**WHAT IS EXPECTED**:
Please write out exactly the lines of the data below from the line holding "Creative Fingers Natural" through the line holding "Tune in at 7 pm ⤵️", and leave out the rest.

**DATA RECORDS**:
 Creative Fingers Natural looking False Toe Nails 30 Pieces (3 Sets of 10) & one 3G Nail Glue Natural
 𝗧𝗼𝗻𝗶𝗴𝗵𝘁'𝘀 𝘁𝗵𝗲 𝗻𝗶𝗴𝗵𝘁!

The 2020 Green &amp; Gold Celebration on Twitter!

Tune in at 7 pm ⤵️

==

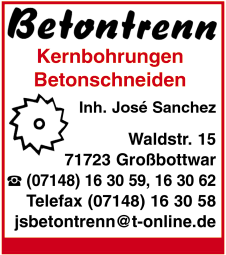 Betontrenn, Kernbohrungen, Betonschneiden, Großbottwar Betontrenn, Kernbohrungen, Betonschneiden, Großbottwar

==

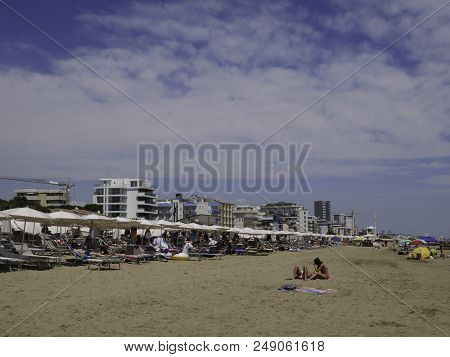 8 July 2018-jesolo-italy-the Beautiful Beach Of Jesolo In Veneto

**TASK SOLUTION**:
 Creative Fingers Natural looking False Toe Nails 30 Pieces (3 Sets of 10) & one 3G Nail Glue Natural
 𝗧𝗼𝗻𝗶𝗴𝗵𝘁'𝘀 𝘁𝗵𝗲 𝗻𝗶𝗴𝗵𝘁!

The 2020 Green &amp; Gold Celebration on Twitter!

Tune in at 7 pm ⤵️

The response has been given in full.